Step 2: Run the Test

This code sends an input that is intentionally too long, violating our 10-word limit. This will trigger the 446 error and the fallback.
import os
from portkey_ai import Portkey

portkey = Portkey()

long_input_message = "Hey chat!."

print(f"Sending a long input ({len(long_input_message.split())} words) to a config with a 10-20 word limit...")

try:
    # Apply the saved config by its ID
    chat_completion = portkey.with_options(config="fallback-on-guardrail-fail").chat.completions.create(
        messages=[{"role": "user", "content": long_input_message}],
        max_tokens=1024
    )

    print("\n✅ Success! The guardrail violation triggered a fallback.")
    print(f"Final Response: {chat_completion.choices[0].message.content}")

except Exception as e:
    print(f"\n❌ Failure! The fallback did not work as expected: {e}")

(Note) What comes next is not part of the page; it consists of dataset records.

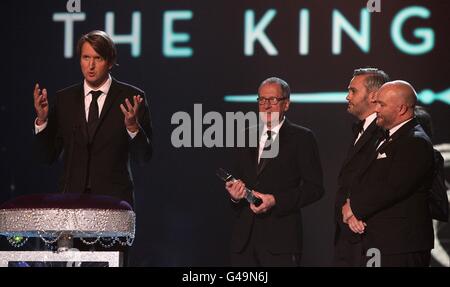 L'Oréal - National Film Awards Show - London Banque D'Images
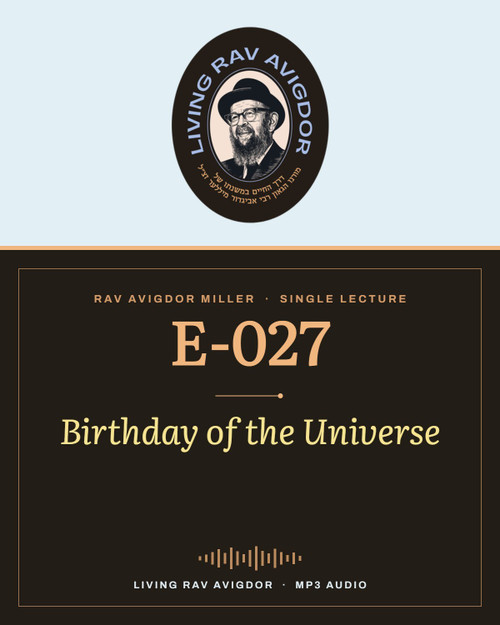 Rav Avigdor Miller MP3 lecture cover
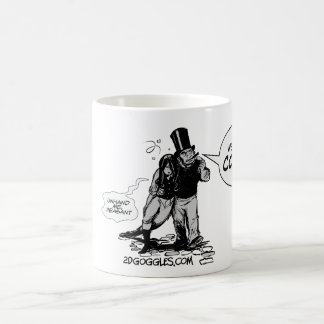 Nós precisamos a caneca de café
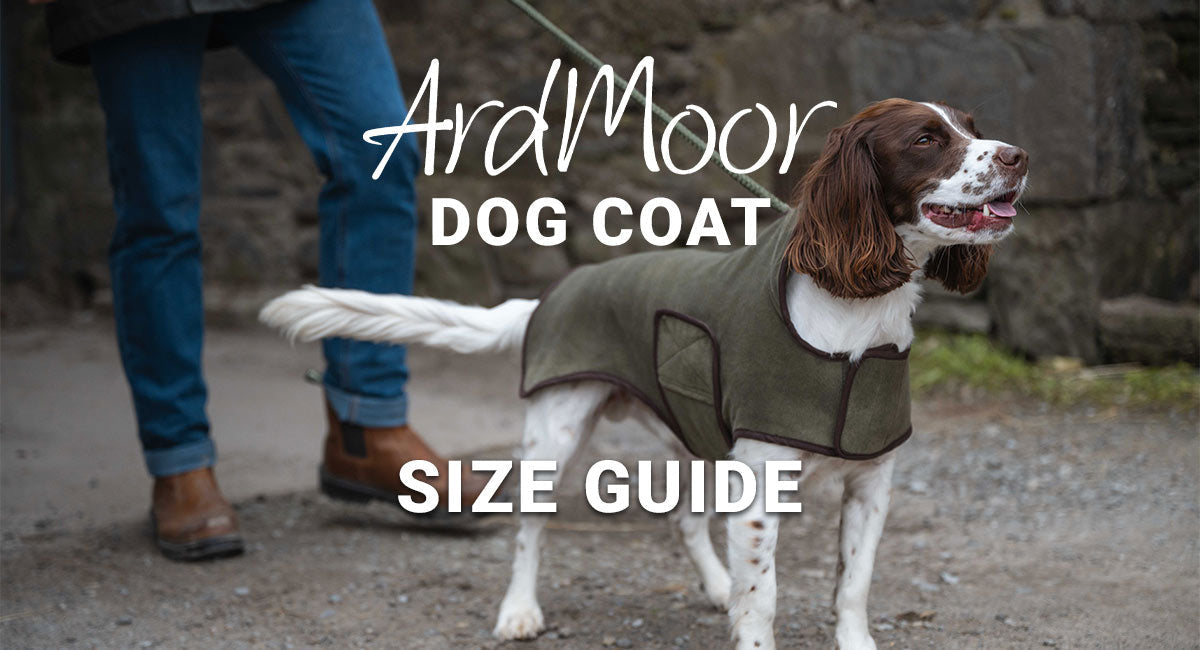 Dog Coat Size Guide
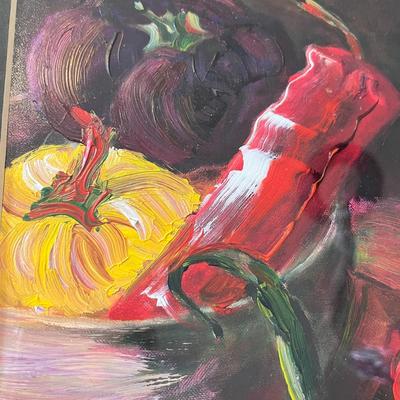 ORIGINAL OIL PAINTING STILL LIFE by â€œTIM ROBINSONâ€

Step 3: Verify the Fallback

The request succeeds, and the response comes from Anthropic. Go to the Logs page and find the request you just sent. You’ll see its trace:
  1. FAILED: The first attempt to @openai-prod, blocked by the word_count guardrail with a 446 status.
  2. SUCCESS: The automatic fallback to @anthropic-prod, which processed the input.

Summary of Best Practices

  • Test Your Configs: Actively test your fallback logic to ensure it behaves as you expect during a real outage.
  • Be Specific with Status Codes: Use on_status_codes to control precisely which errors trigger a fallback. This prevents unnecessary fallbacks on transient issues.
  • Monitor Your Logs: The Trace View in Portkey Logs is your best tool for understanding fallback behavior, latency, and costs.
  • Consider Your Fallback Chain: Choose fallback providers that are compatible with your use case and be mindful of their different performance and cost profiles.